More Vegan Lentil Recipes
- One-Pot Red Lentil Curry
- Walnut Lentil Bolognese
- Roasted Red Pepper Lentil Pasta
- Lentil Balls with Zesty Rice (Vegan Meal Prep)
Enjoy friends! If you make this sambar, please snap a photo and tag #jessicainthekitchen on Instagram! We’d also love it if you would leave a comment below, and give the recipe a rating! Thanks so much!
- 1 Cup Toor Dal (Pea Lentils), 210 grams
- ¾ teaspoon Turmeric, divided
- 1 ¾ teaspoon Salt, divided
- 6 Cups Water, divided 1419 ml
- 5 teaspoons Oil, divided
- 12 Pearl Onions with peels removed, 80 grams
- ½ Eggplant, 70 grams
- 1 Cup Carrots, cut into 1⁄4” thick coins 80 grams
- 8 3-inch pieces Vegetable Drumstick, 80 grams
- 1 1 Tomato, cut into large chunks, 197 grams
- ½ teaspoon Kashmiri Red Chili Powder
- 2 Tablespoons Sambar Powder, 12 grams
- 1 Tablespoon Tamarind Paste
- 1 Tablespoon Sugar, 12 grams
- 1 Tablespoon Fresh Coriander Leaves, 1 gram
- ¾ teaspoon Mustard Seeds
- Pinch Fenugreek Leaves
- 1-2 Dried Red Chili Peppers, broken into pieces
- 10-12 Fresh Curry Leaves
- ¼ teaspoon Hing
For the dal
- Combine toor dal, 1⁄2 teaspoon turmeric, 1 teaspoon salt and 3 cups water in a pot and bring to a simmer. Cook until the lentils are mushy, about 30 minutes. Use an immersion blender to puree the lentils to a thick paste and set aside. If you don’t have a blender, you can mash them with a wooden spoon.
For the vegetables
- Once the lentils start to simmer, begin cooking the vegetables in a second pot.

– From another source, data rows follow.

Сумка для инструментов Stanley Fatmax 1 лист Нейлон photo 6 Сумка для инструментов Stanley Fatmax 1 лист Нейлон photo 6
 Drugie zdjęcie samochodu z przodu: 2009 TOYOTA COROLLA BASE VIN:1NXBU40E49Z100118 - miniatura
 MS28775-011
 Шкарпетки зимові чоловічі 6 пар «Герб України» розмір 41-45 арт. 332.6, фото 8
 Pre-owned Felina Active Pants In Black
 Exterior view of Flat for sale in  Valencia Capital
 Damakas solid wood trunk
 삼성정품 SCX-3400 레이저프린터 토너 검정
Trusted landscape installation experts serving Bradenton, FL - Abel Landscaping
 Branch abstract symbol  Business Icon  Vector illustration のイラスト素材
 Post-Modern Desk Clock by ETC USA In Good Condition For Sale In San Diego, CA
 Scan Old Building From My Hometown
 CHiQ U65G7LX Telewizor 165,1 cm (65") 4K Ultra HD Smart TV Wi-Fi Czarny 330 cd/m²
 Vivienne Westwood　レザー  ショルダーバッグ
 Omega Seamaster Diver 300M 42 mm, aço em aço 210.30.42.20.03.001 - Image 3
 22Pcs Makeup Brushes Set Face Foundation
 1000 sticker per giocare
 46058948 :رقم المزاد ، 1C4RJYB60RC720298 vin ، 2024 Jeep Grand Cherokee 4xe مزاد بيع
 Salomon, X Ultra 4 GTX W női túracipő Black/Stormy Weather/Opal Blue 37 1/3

Add 2 teaspoons of oil to a saucepan along with the pearl onions. Saute for about 2 minutes, then add the remaining vegetables.
- Saute the vegetables for another 2 minutes, then add red chili powder. Stir together.
- Pour 3 Cups of water into the vegetables. Bring to a simmer over medium heat and cook until vegetables are just cooked, about 20 minutes.
- Add 1⁄4 teaspoon turmeric, sambar powder and 3⁄4 teaspoon salt to the cooking vegetables. Cook for an additional 2-3 minutes until the vegetable drumsticks are softened.
- Add the tamarind paste and sugar to the vegetables.
- Then add the mashed lentils to the vegetables and stir together. Simmer on medium low until it comes to a boil. Once the sambar has a frothy layer on top, turn off the heat.
- Stir in the coriander leaves. Cover and set aside.
For the tempering
- In a small pan, heat 1 tablespoon of oil over medium heat. Add the mustard seeds, fenugreek leaves and dried chili peppers. Cook until the mustard seeds start to pop, about 5 minutes.
- Add curry leaves and continue cooking. Once the curry leaves are crispy, stir in the hing.
- Pour the tempering into the hot sambar and stir in. Cover and let it sit for about 5 minutes to impart the flavor of the tempering to the soup.
Disclaimer: Although jessicainthekitchen.com attempts to provide accurate nutritional information, kindly note that these are only estimates. Nutritional information may be affected based on the product type, the brand that was purchased, and in other unforeseeable ways. Jessicainthekitchen.com will not be held liable for any loss or damage resulting for your reliance on nutritional information. If you need to follow a specific caloric regimen, please consult your doctor first.
Moringa is sold as pills and powder in Germany – but not frozen. Is there a possibility to replace them with other veggies?
Hi! Thanks so much for reading! Yes you can! I hope this helps.